Plaintiff Killeen Trucking, Inc. appeals from a judgment of dismissal entered by the Law Division following a non-jury trial. The trial judge found that the damage to plaintiff's container which was coupled to a trailer chassis was not part of a "trailer" covered by an insurance policy issued by defendant Great American Surplus Lines Insurance Co. We disagree and reverse.

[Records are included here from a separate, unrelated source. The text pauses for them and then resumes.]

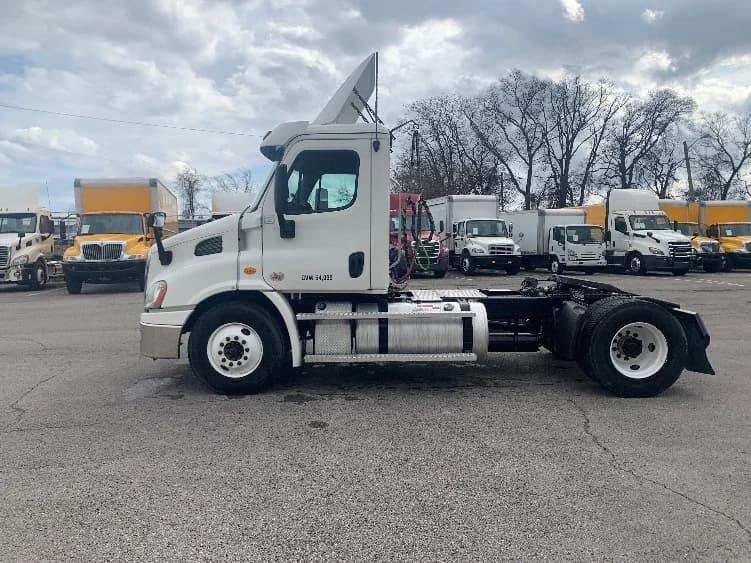 2019 Freightliner Cascadia in Nashville, TN — photo 4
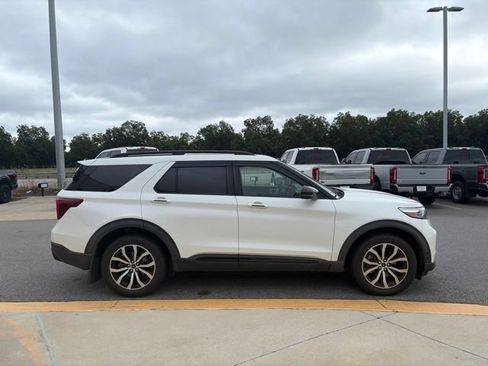 Used 2020 Ford Explorer ST AWD/4WD image 6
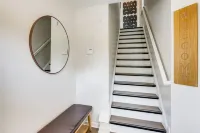 Walk to Cleveland Clinic! Contemporary Townhome - Condos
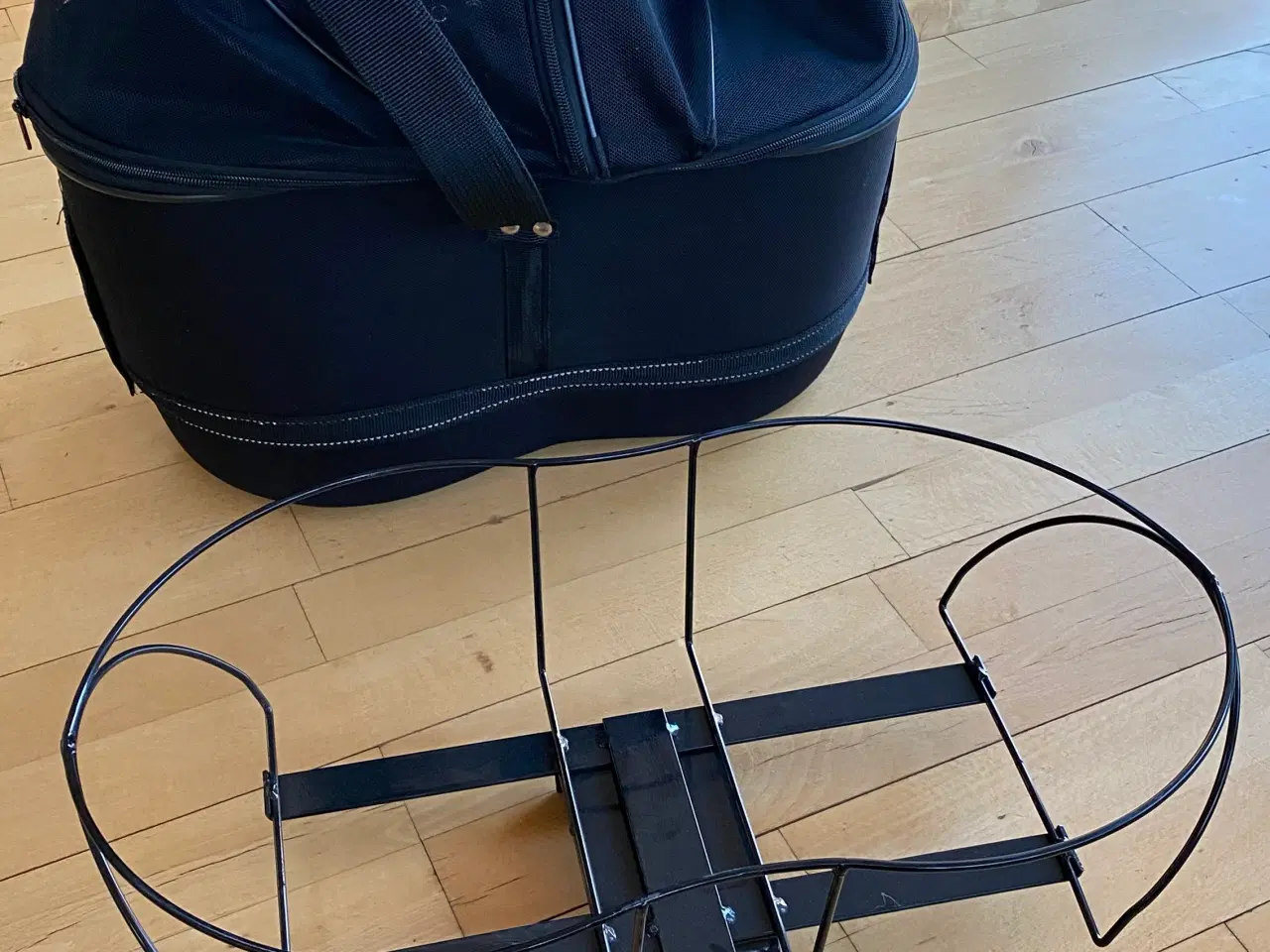 Billede 4 - Cykeltaske til lille hund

The facts are essentially uncontested. On December 10, 1981, plaintiff's trailer which was 13 feet 6 inches high incurred damage when it attempted to pass under a bridge whose clearance was only 12 feet 6 inches. The trailer consisted of a "chassis", or wheels and frame, to which a box or "container" was attached.[1] The attachment of the container and chassis was accomplished by clamps. The effect of this coupling was to render a chassis and container identical to the trailer portion *714 of a conventional tractor trailer. The entire weight of the container is supported by the chassis and the coupled unit is then towed by a tractor.

The parties' contract of insurance provided coverage for "loss to a trailer caused by a collision." The policy defines "trailer," however the definition is not helpful in determining whether plaintiff's trailer is a trailer within the meaning of the policy language.[2] Defendant contends that the policy provides coverage only for damages sustained to the chassis portion of plaintiff's trailer. Defendant thus refused to accept liability for damages to the container portion of the trailer alleging it to be excluded by the policy.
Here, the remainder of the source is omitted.